(Records for the exercise)

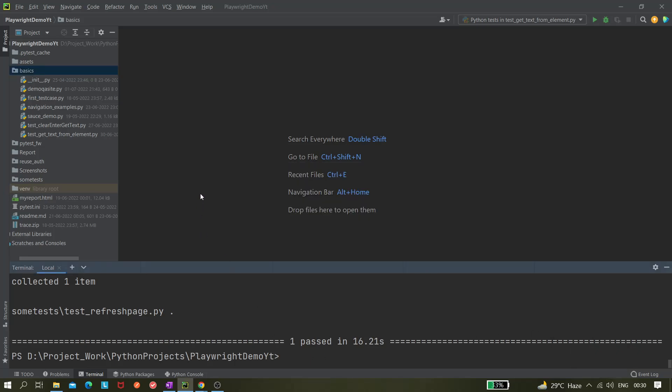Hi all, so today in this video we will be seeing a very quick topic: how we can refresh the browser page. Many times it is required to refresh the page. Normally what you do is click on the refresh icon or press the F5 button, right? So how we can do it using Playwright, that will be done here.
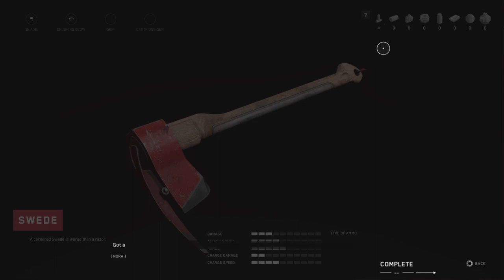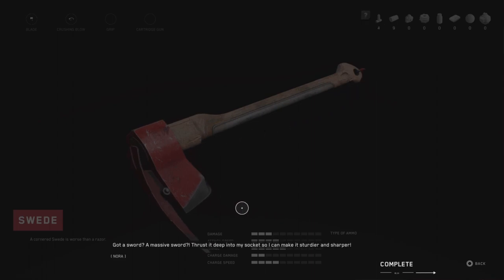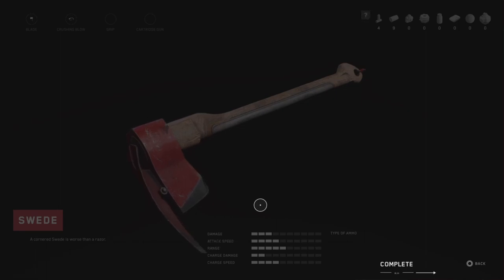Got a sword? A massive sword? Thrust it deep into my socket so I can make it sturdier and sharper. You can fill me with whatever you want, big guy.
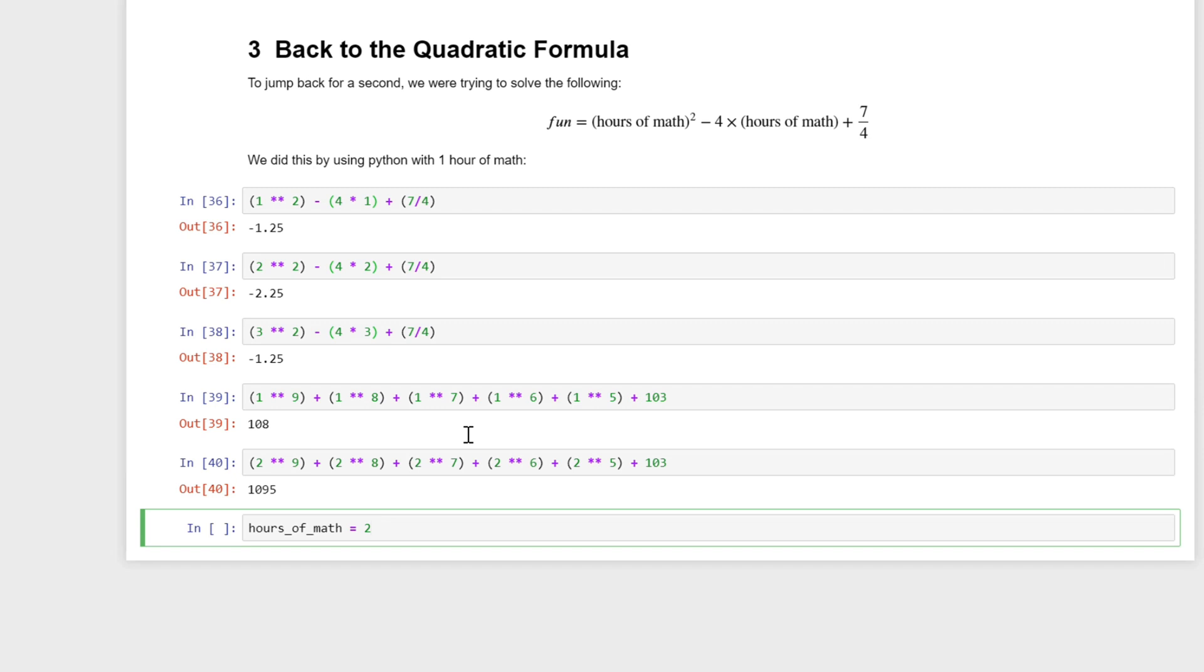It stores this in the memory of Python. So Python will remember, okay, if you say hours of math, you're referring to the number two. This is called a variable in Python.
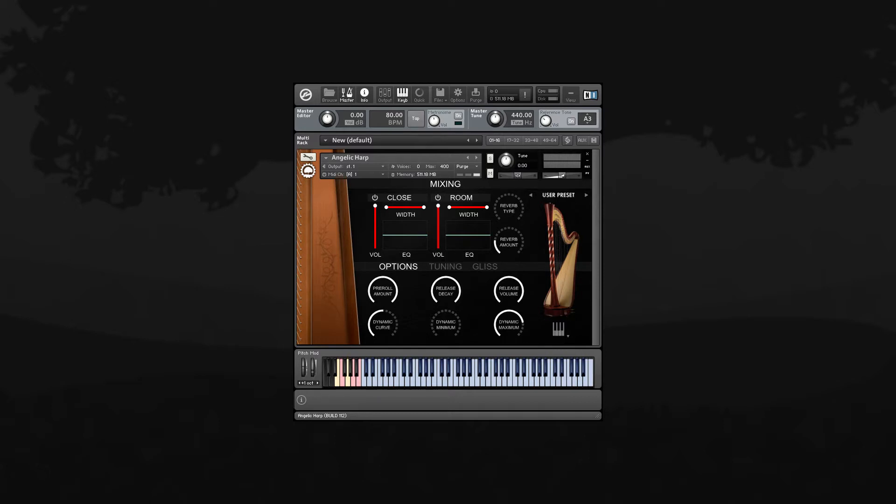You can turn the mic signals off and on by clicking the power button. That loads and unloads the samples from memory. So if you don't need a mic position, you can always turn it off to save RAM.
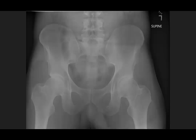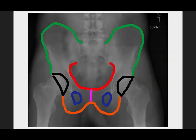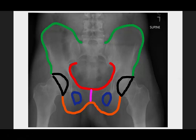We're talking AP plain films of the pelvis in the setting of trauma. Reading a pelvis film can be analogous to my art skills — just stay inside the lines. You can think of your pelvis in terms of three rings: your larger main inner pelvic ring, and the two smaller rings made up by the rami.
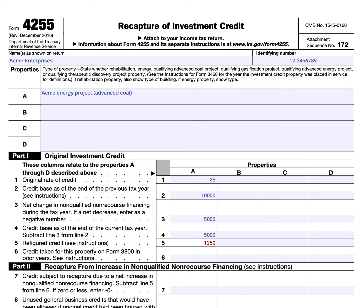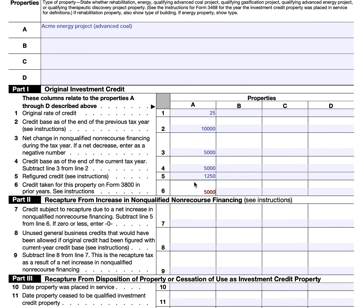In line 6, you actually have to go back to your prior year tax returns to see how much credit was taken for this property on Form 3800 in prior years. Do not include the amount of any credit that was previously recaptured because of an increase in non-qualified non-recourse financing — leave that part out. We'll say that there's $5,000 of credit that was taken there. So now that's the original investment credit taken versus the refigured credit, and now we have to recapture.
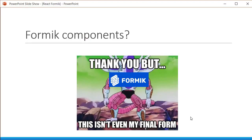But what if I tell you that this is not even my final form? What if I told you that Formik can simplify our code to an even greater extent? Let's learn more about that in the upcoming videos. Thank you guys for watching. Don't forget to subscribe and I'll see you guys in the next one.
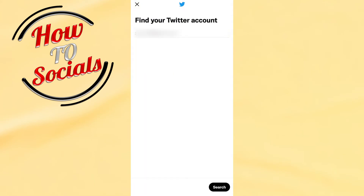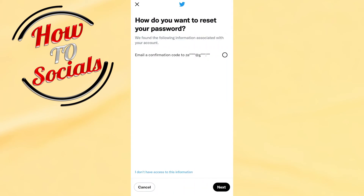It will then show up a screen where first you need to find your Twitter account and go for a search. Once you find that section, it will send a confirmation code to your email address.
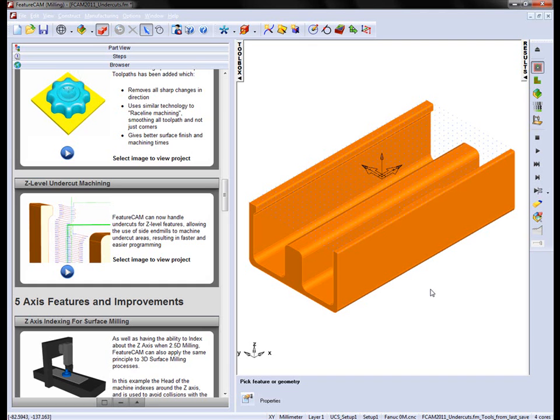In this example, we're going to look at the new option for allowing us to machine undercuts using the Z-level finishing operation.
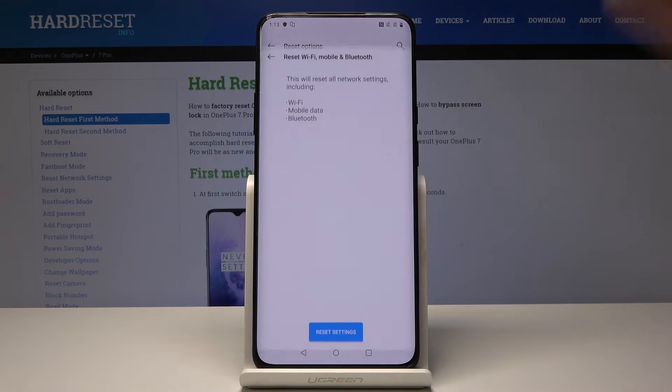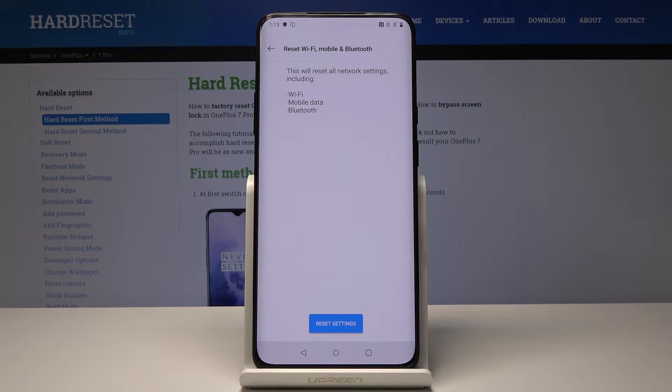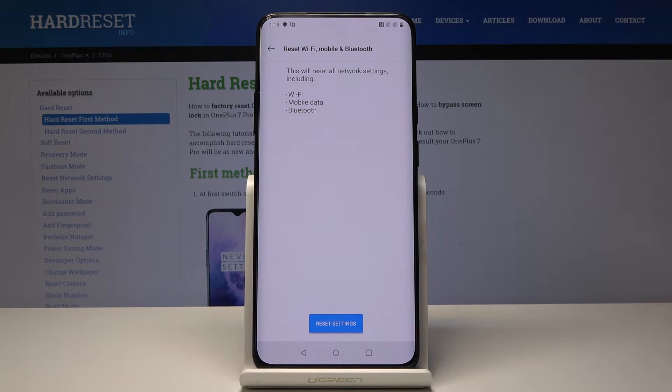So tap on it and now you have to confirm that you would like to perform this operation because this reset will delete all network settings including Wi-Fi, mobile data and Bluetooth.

(End Records for the exercise)

Leaving out the pictures, output each line above exactly as it is.

Hi all, so today in this video we will be seeing a very quick topic: how we can refresh the browser page. Many times it is required to refresh the page. Normally what you do is click on the refresh icon or press the F5 button, right? So how we can do it using Playwright, that will be done here.
Got a sword? A massive sword? Thrust it deep into my socket so I can make it sturdier and sharper. You can fill me with whatever you want, big guy.
It stores this in the memory of Python. So Python will remember, okay, if you say hours of math, you're referring to the number two. This is called a variable in Python.
You can turn the mic signals off and on by clicking the power button. That loads and unloads the samples from memory. So if you don't need a mic position, you can always turn it off to save RAM.
We're talking AP plain films of the pelvis in the setting of trauma. Reading a pelvis film can be analogous to my art skills — just stay inside the lines. You can think of your pelvis in terms of three rings: your larger main inner pelvic ring, and the two smaller rings made up by the rami.
In line 6, you actually have to go back to your prior year tax returns to see how much credit was taken for this property on Form 3800 in prior years. Do not include the amount of any credit that was previously recaptured because of an increase in non-qualified non-recourse financing — leave that part out. We'll say that there's $5,000 of credit that was taken there. So now that's the original investment credit taken versus the refigured credit, and now we have to recapture.
But what if I tell you that this is not even my final form? What if I told you that Formik can simplify our code to an even greater extent? Let's learn more about that in the upcoming videos. Thank you guys for watching. Don't forget to subscribe and I'll see you guys in the next one.
It will then show up a screen where first you need to find your Twitter account and go for a search. Once you find that section, it will send a confirmation code to your email address.
In this example, we're going to look at the new option for allowing us to machine undercuts using the Z-level finishing operation.
So tap on it and now you have to confirm that you would like to perform this operation because this reset will delete all network settings including Wi-Fi, mobile data and Bluetooth.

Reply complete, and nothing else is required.